# Work instructions:
Copy, without a single change, each line from the one that holds "Poster - Happy" to the bottom of the entries below, and drop any pictures.

[Crawled caption data]
____________________
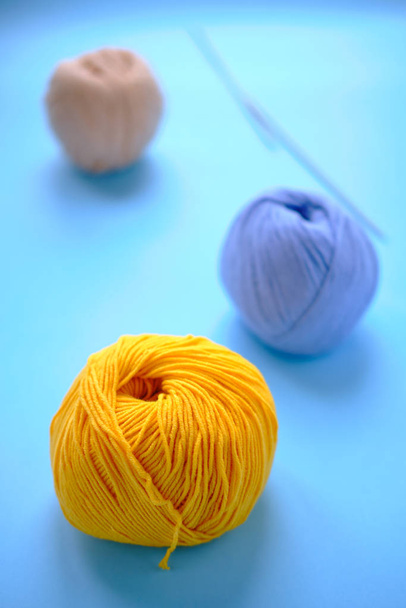helle Farbigkeit Garn Clews auf dem blauen Hintergrund. Konzept der amigurumi Spielzeugherstellung, Basteln, Stricken, Hobby - Foto, Bild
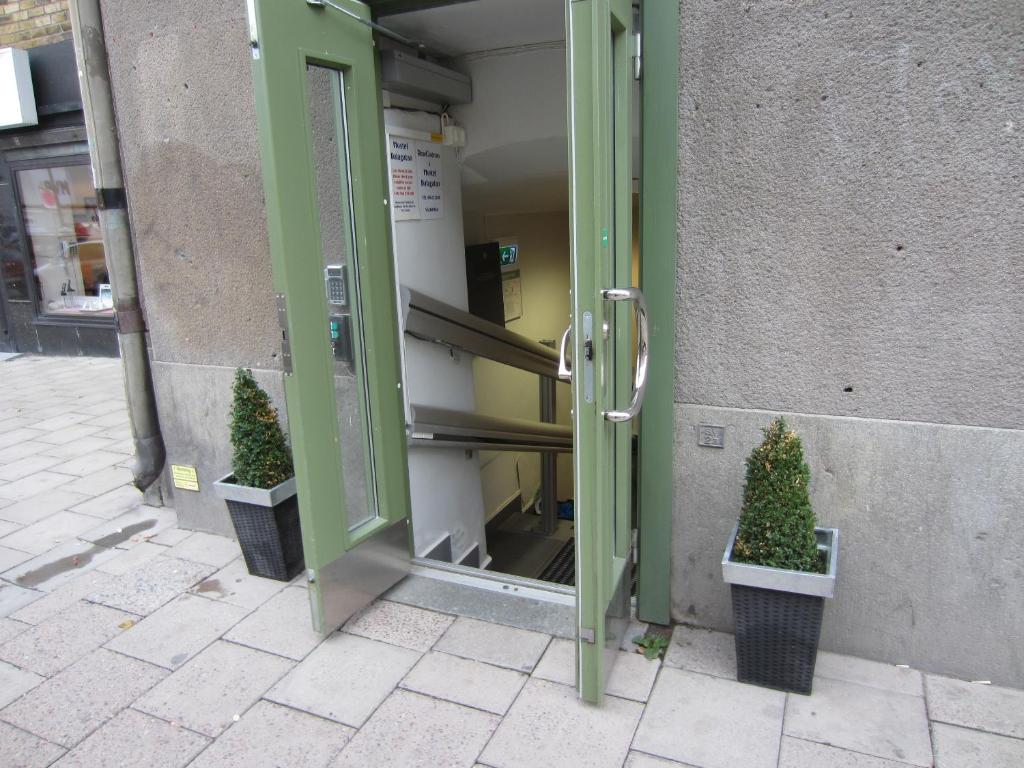 an open door of a building with two plants at Hostel Dalagatan in Stockholm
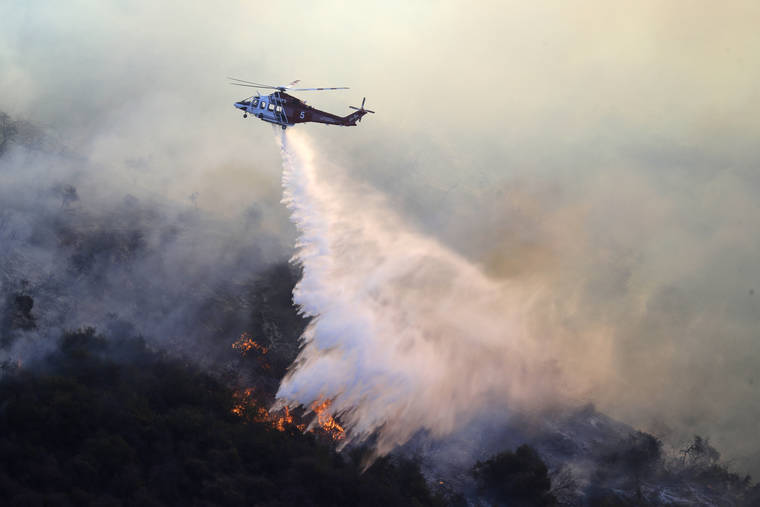 ASSOCIATED PRESS
                                A helicopter drops water as the Getty fire burns on Mandeville Canyon today.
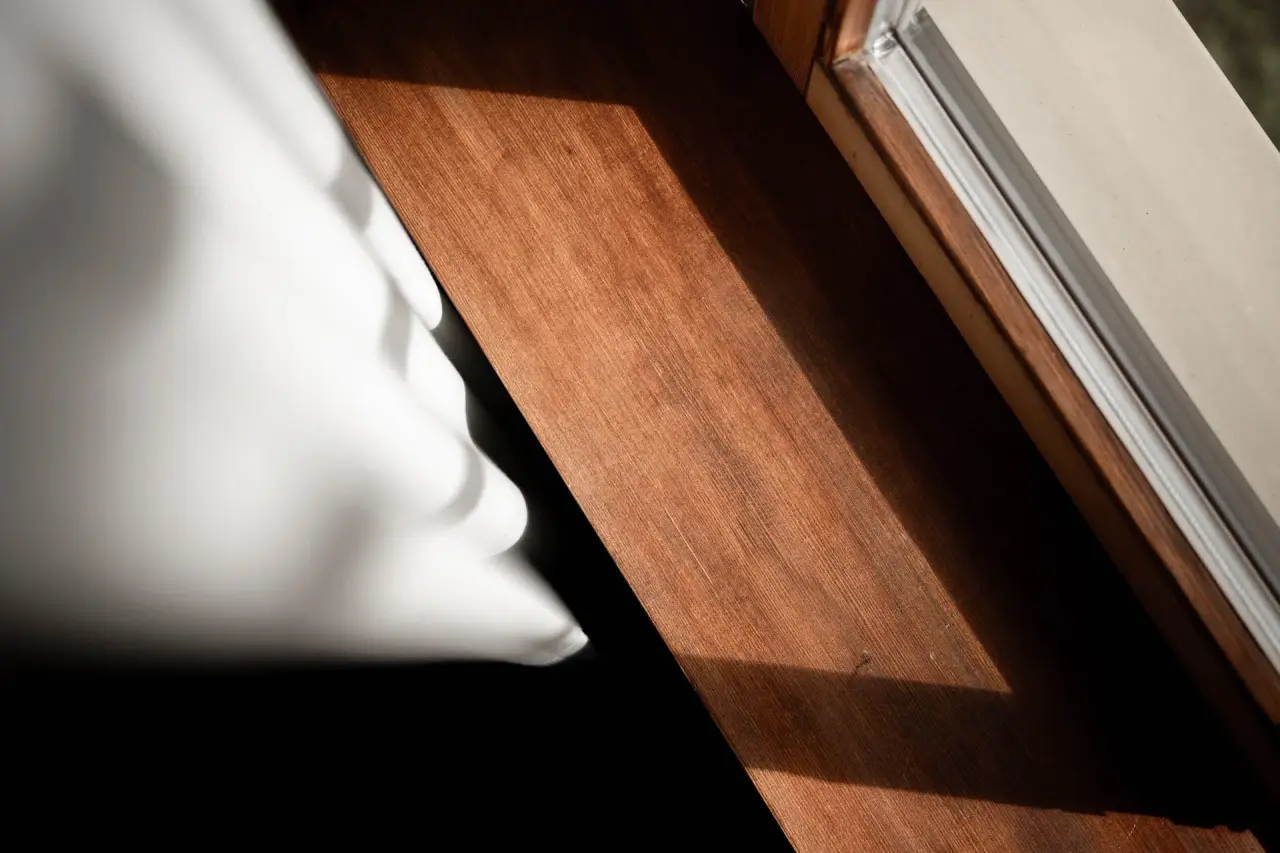 Detailaufnahme eines Holzfensterbretts mit weissem Vorhang und Sonnenlicht im A-ROSA Kitzbühel.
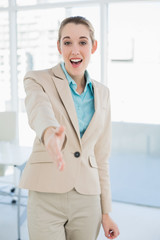 Poster - Happy young businesswoman reaching her hand friendly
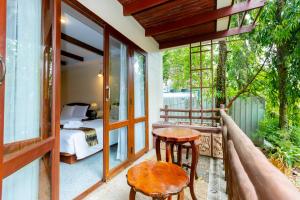 Ao Nang Bay Resort في شاطيء آونانغ: شرفة مع طاولة وسرير وغرفة نوم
____________________
# Task result:
 Poster - Happy young businesswoman reaching her hand friendly
 Ao Nang Bay Resort في شاطيء آونانغ: شرفة مع طاولة وسرير وغرفة نوم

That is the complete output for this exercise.